What are the responsibilities and job description for the Infrastructure Engineer (Hybrid Cloud & Platform) position at Aldea?

Location: US Remote / Bay Area

Job Type: Full-time

Level: Mid-Level / Senior

About Aldea

Aldea is a multi-modal foundational AI company reimagining the scaling laws of intelligence. We believe today's architectures create unnecessary bottlenecks for the evolution of software. Our mission is to build the next generation of foundational models that power a more expressive, contextual, and intelligent human–machine interface.

The Mission

We are seeking an Infrastructure Engineer to bridge the gap between complex hybrid infrastructure and developer velocity. You will architect a unified platform spanning AWS and Bare Metal Kubernetes.

At this level, you bring technical direction and expertise to the table.
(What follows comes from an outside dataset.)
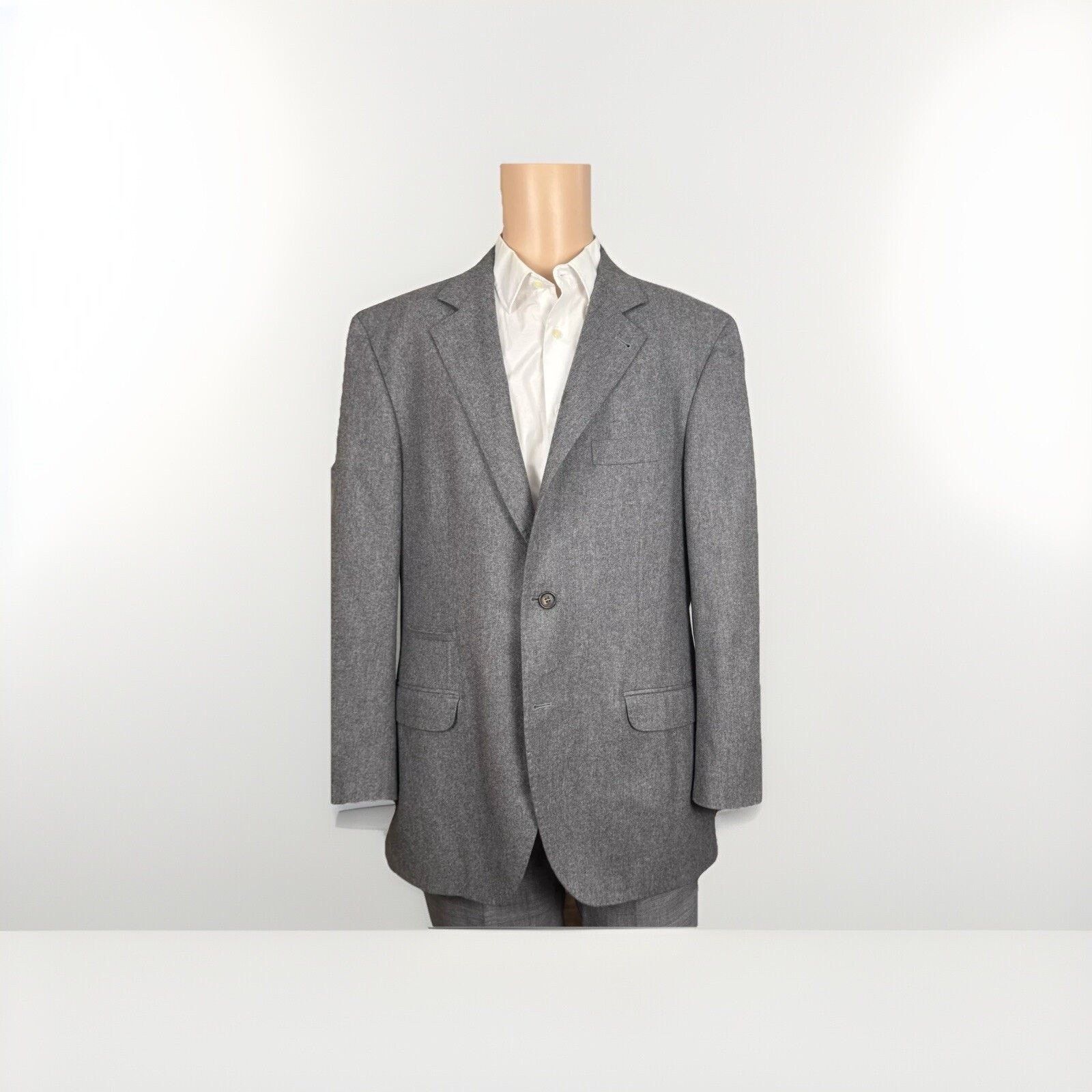 Brunello Cucinelli Brunello Cucinelli Gray Flannel Tweed Blazer Wool 54/44R Size 44R - 1 Thumbnail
You will participate in planning and discussion for architecting resilient infrastructure, drive cross-team initiatives, and mentor other engineers while remaining deeply hands-on. Your ultimate goal is to build a "Golden Path" for engineering: automated releases, deep observability, and a platform experience that feels invisible to the end user.

Key Responsibilities

  • Hybrid Infrastructure & Bare Metal (AWS K8s)
  • Unified IaC Strategy: Architect and maintain the Terraform codebase for both AWS services (EKS, RDS, VPC) and Bare Metal clusters. You will treat physical infrastructure as mutable software, using tools like Cluster API, Metal3, or Tinkerbell to manage hardware lifecycles.
  • Bare Metal Mastery: Manage multiple production clusters on bare metal with clear separation of environments. You will solve complex challenges including networking (BGP, ECMP), load balancing (MetalLB/Kube-VIP), and storage orchestration (CSI/Rook-Ceph) for stateful workloads.
  • Observability & AI Monitoring
  • Full-Stack Visibility: Contribute to building our stack (Prometheus, Grafana, ELK/Loki) to monitor both EKS and bare metal.
  • AI/GPU Telemetry: Build specialized dashboards for AI workloads. You will track GPU metrics, CPU saturation, and memory pressure to ensure efficient resource utilization.
  • CI/CD & Release Architecture
  • CI/CD at Scale: Architect resilient, multi-region pipelines using GitHub Actions. Automated CI/CD for apps using ArgoCD. You will build and manage a fleet of self-hosted runners to control costs and accelerate feedback loops.
  • Secure Release Engineering: Implement end-to-end workflows: Docker image build → Helm chart release → deployment (GH Actions ArgoCD). Semantic versioning, manage artifacts in centralized registries, and integrate vulnerability scanning.
  • Leadership & Collaboration
  • Technical Direction: Lead design reviews and drive platform roadmaps that balance reliability, cost, and developer productivity.
  • Cross-Functional Partnership: Partner with product, security, and application teams to translate business needs into robust platform capabilities.

Requirements

  • Experience: Infrastructure, DevOps, or SRE roles, with primary ownership of production systems in AWS and Bare Metal Kubernetes.
  • Technical Arsenal: Expert fluency in Terraform, Linux/Bash or Python scripting, and GitHub Actions, and ArgoCD
  • Bare Metal & K8s: Proven experience operating Kubernetes in production, including hybrid setups (EKS On-Prem). You understand networking (CNI, BGP), storage (CSI), and cluster lifecycle management.
  • Observability Depth: You have moved beyond "out-of-the-box" dashboards. You understand high-cardinality metrics, log retention strategies, and how to debug distributed systems.
  • Platform Mindset: You don't just build servers; you build products for developers.

Bonus

  • Experience with OpenTelemetry (OTEL) for unified tracing.
  • Understanding of eBPF
  • Experience configuring NVIDIA DCGM for GPU monitoring and handling AI training/inference workloads.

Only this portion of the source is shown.